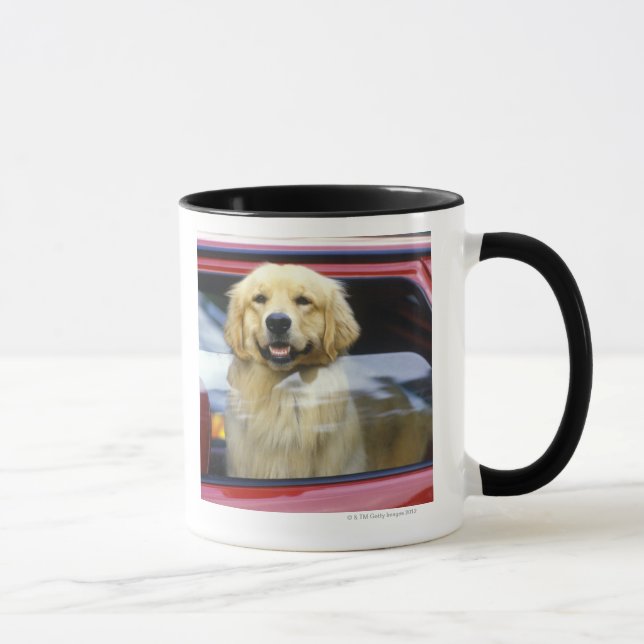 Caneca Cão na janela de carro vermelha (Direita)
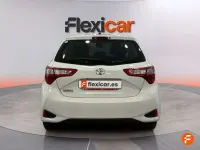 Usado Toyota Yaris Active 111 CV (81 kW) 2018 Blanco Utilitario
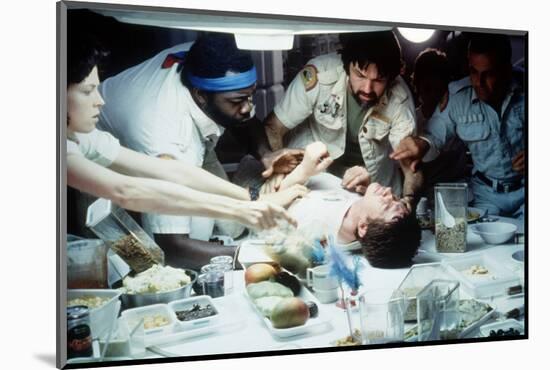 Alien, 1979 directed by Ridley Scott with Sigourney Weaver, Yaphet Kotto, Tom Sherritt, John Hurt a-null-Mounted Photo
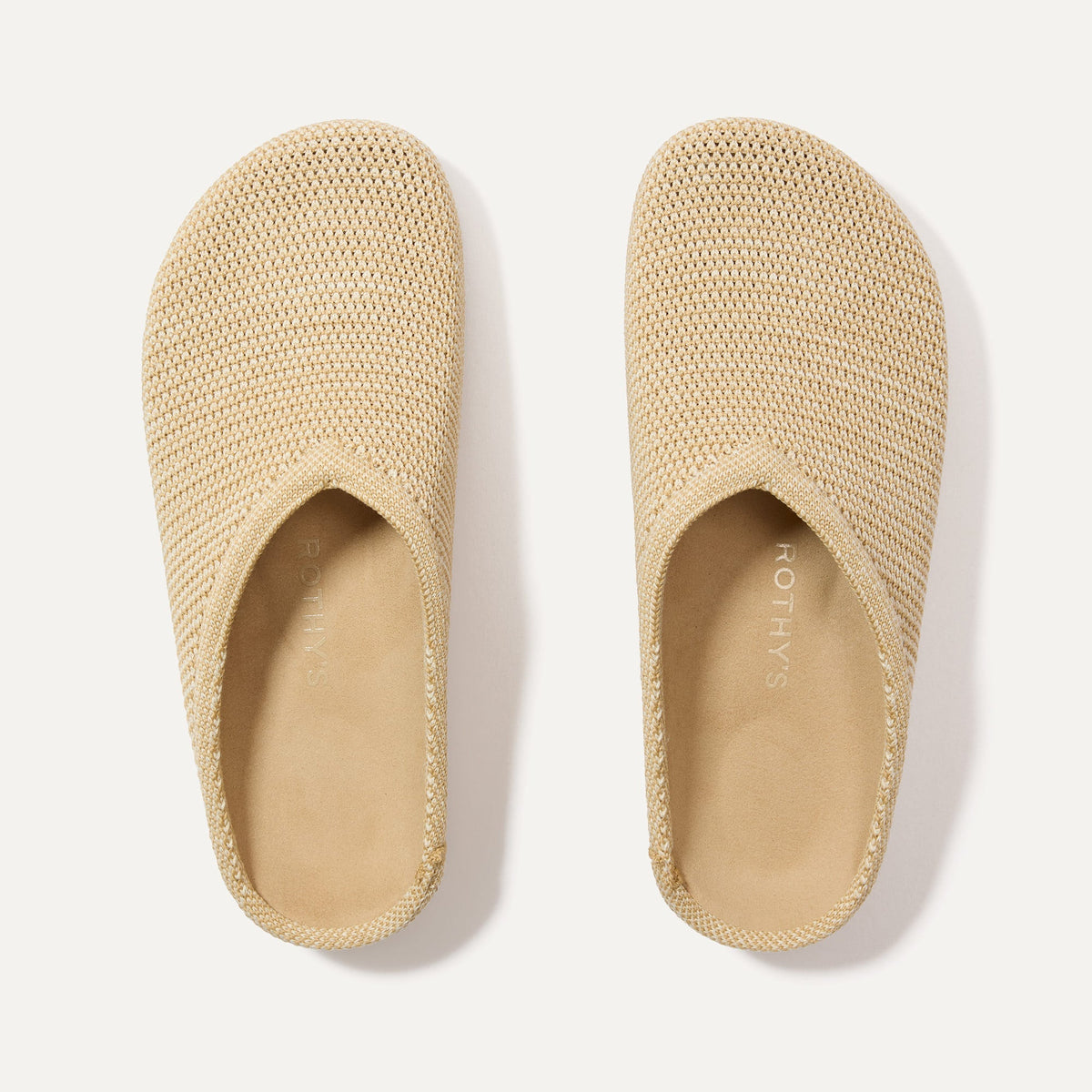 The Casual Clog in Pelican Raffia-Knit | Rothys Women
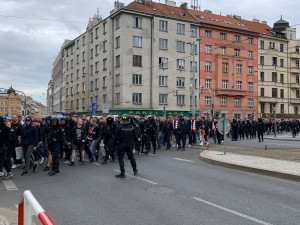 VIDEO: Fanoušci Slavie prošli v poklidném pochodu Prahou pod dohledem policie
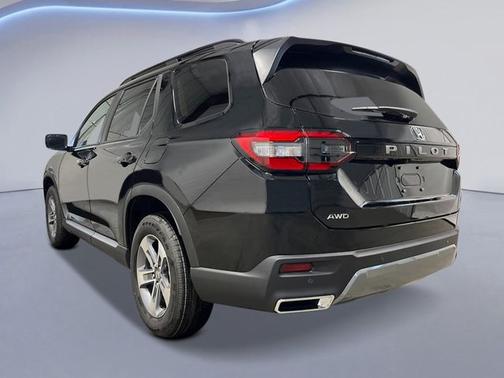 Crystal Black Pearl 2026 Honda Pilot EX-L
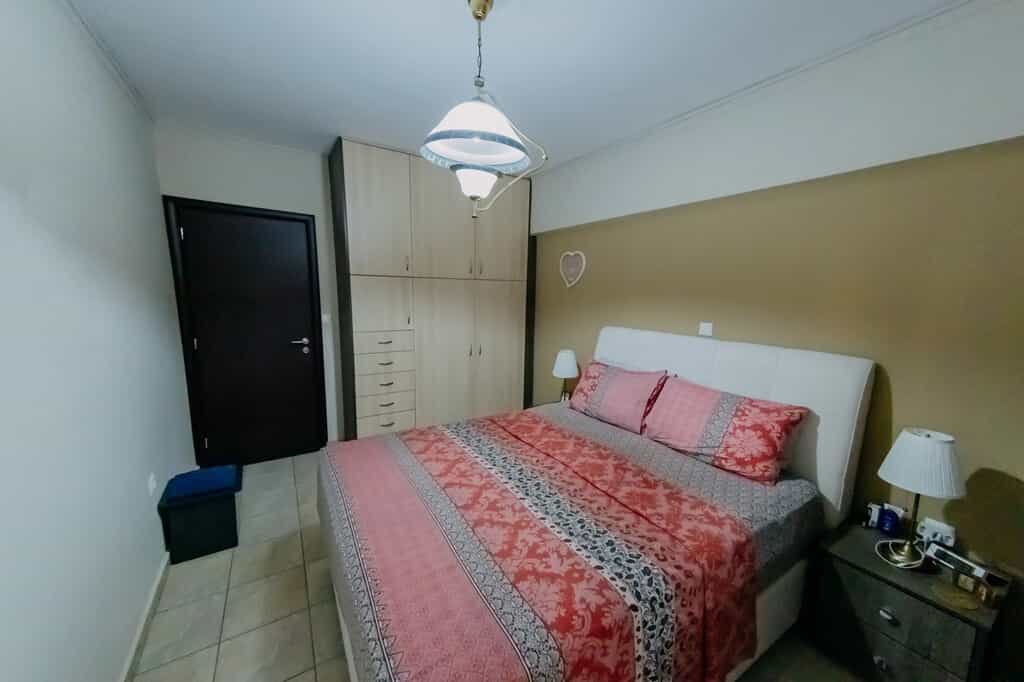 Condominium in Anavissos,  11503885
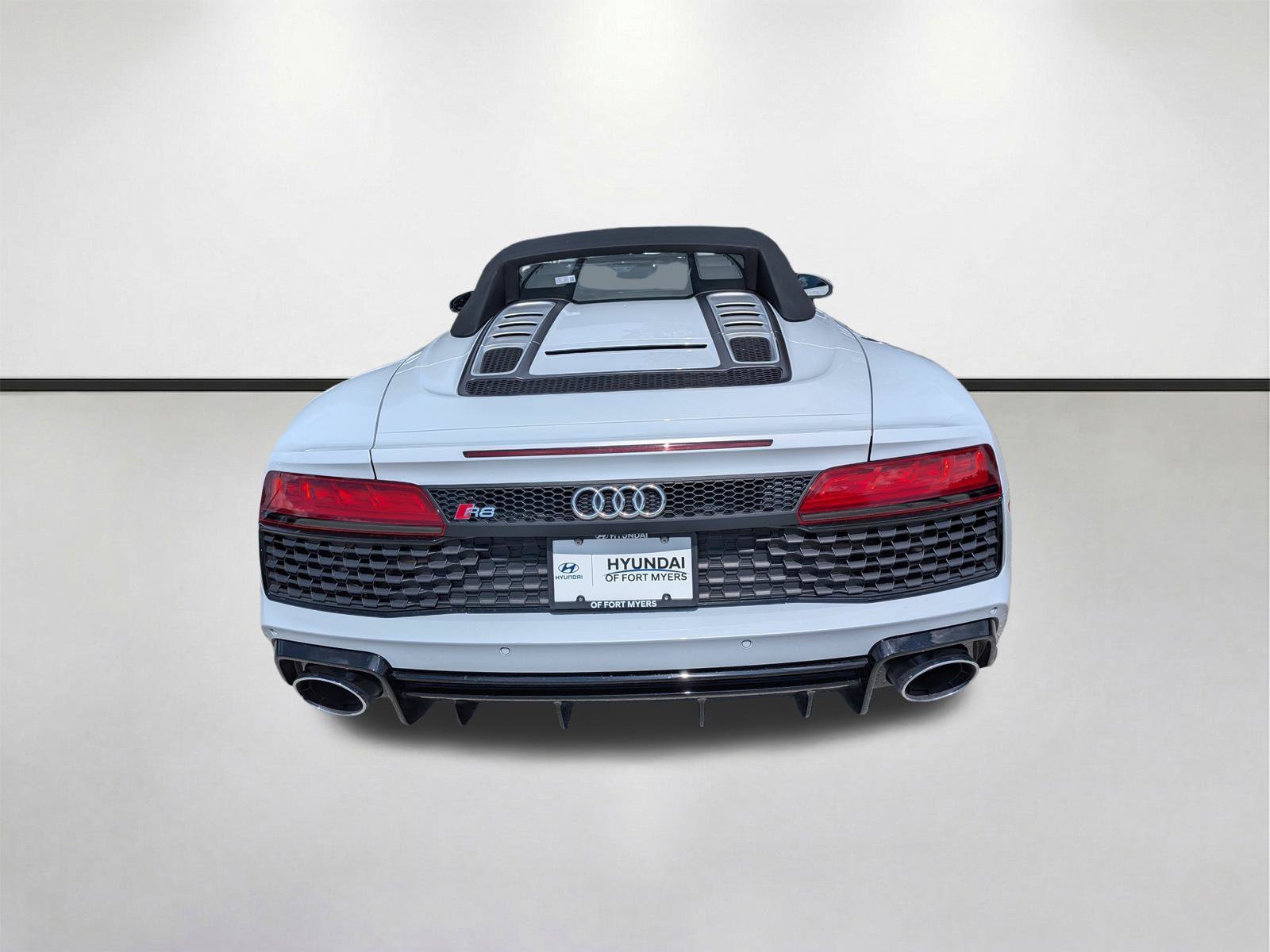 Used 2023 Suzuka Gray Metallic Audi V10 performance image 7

THE PROBLEM:
Only the lines from the one holding "Crystal Black Pearl 2026 Honda Pilot EX-L" to the last line of the entries above should be printed, exactly as they appear and with no pictures.

RESPONSE:
 Crystal Black Pearl 2026 Honda Pilot EX-L
 Condominium in Anavissos,  11503885
 Used 2023 Suzuka Gray Metallic Audi V10 performance image 7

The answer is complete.